- [Information given]

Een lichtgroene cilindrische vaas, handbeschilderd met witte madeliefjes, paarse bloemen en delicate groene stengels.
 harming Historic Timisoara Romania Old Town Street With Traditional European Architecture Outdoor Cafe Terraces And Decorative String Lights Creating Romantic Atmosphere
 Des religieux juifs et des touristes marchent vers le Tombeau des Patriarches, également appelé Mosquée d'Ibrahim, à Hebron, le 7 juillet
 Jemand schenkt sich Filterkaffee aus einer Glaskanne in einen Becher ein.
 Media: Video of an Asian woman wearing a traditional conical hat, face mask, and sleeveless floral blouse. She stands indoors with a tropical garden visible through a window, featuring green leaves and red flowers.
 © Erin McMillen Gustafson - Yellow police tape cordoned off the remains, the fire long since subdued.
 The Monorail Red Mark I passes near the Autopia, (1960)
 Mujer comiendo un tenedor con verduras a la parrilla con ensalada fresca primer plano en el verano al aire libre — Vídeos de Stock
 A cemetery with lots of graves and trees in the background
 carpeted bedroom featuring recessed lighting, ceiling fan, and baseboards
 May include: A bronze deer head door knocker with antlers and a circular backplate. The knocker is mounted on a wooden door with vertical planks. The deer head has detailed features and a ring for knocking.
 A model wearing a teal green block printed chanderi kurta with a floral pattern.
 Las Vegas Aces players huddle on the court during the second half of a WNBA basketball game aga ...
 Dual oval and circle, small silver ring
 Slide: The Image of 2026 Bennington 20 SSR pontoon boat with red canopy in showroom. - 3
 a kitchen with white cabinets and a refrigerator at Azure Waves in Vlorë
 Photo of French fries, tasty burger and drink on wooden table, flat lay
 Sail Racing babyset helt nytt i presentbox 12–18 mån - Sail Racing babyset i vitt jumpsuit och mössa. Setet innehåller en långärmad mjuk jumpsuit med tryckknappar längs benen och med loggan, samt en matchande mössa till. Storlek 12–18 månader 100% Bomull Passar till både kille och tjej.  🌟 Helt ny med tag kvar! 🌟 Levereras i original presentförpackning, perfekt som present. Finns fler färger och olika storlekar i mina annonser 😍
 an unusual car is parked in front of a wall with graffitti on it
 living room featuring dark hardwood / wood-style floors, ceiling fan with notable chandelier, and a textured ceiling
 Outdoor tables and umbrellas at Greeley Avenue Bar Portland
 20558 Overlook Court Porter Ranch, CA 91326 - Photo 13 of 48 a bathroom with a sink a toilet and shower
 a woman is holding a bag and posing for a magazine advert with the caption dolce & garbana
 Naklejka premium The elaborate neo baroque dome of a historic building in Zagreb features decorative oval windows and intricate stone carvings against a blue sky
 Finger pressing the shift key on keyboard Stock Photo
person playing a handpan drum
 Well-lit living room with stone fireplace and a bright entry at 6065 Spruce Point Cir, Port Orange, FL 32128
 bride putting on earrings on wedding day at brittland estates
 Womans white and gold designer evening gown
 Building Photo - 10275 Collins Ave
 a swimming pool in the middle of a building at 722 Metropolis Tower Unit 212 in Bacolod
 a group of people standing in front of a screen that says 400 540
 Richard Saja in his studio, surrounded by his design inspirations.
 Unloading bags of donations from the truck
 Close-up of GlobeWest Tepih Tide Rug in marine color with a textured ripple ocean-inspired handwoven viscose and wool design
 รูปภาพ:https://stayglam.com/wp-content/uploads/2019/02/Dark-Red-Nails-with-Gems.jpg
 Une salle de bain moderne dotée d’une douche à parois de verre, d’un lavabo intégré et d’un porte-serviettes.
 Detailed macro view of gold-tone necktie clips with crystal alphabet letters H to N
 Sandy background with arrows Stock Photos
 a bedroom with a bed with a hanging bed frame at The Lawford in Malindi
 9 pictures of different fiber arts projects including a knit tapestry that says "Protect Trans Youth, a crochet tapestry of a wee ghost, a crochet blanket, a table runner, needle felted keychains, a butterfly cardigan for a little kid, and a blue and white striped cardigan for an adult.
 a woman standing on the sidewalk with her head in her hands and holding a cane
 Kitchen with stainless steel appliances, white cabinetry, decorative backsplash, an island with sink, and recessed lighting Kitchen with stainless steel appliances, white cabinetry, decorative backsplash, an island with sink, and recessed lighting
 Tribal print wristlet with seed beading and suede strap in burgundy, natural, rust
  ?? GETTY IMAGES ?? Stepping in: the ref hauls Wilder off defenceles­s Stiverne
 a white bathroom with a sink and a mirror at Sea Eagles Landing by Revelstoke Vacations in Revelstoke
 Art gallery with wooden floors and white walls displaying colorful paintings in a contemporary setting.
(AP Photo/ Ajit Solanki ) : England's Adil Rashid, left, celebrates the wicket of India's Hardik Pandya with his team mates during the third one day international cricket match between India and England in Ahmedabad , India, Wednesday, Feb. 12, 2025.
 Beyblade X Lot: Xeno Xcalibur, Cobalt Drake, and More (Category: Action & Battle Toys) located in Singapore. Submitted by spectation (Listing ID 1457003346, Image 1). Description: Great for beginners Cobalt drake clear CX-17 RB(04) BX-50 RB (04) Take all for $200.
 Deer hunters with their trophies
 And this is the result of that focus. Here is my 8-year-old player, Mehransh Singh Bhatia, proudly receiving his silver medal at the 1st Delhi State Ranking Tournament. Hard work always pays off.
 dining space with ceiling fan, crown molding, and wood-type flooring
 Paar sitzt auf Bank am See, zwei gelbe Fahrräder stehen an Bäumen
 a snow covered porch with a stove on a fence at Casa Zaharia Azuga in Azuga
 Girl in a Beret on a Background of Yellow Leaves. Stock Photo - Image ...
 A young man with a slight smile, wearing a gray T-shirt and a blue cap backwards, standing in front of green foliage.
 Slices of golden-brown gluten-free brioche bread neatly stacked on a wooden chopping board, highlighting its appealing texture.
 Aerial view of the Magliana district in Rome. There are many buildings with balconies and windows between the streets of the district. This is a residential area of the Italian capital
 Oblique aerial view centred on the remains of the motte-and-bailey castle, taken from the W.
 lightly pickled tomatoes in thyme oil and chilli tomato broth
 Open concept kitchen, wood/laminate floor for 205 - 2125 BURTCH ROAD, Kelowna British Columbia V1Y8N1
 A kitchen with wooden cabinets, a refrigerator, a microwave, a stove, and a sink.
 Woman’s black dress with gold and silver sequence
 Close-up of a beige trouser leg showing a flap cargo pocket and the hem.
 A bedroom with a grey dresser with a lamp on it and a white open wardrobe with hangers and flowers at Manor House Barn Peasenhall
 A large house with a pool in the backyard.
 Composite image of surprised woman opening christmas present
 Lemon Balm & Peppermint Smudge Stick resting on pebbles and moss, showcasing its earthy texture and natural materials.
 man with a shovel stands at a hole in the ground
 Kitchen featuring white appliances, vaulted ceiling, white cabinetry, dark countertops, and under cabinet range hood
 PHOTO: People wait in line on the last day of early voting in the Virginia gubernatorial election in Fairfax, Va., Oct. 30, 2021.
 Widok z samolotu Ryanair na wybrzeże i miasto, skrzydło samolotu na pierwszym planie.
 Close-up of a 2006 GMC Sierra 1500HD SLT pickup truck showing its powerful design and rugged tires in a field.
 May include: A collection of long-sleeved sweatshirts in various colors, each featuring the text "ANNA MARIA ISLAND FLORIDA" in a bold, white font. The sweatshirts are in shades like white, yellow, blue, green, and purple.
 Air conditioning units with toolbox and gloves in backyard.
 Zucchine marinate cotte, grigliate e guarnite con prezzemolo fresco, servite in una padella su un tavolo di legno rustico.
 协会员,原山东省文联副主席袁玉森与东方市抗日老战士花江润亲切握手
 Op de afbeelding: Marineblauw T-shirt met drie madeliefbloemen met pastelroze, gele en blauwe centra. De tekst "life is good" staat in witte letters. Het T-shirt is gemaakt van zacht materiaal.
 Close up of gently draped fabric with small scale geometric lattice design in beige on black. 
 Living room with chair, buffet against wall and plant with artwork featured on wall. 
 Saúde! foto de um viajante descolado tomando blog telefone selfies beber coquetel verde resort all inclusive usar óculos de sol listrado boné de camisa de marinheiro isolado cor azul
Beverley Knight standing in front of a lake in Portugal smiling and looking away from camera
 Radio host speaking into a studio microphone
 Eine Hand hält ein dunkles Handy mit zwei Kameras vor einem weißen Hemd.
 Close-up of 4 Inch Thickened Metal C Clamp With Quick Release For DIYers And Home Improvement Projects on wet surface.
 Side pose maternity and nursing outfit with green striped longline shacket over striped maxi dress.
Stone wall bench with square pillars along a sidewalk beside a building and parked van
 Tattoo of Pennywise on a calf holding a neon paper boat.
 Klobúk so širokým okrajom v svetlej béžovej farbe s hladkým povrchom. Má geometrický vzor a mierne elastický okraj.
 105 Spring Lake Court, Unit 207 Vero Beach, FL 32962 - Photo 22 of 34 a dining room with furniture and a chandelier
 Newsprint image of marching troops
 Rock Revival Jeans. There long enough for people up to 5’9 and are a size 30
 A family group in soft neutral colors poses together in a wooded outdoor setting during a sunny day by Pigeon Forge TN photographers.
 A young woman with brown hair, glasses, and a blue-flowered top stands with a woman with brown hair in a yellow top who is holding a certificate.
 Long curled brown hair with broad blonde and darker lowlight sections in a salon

- [Try it] List, from the entries above, every line in which the word "zwei" shows up.

- [Exercise answer]
 Paar sitzt auf Bank am See, zwei gelbe Fahrräder stehen an Bäumen
 Eine Hand hält ein dunkles Handy mit zwei Kameras vor einem weißen Hemd.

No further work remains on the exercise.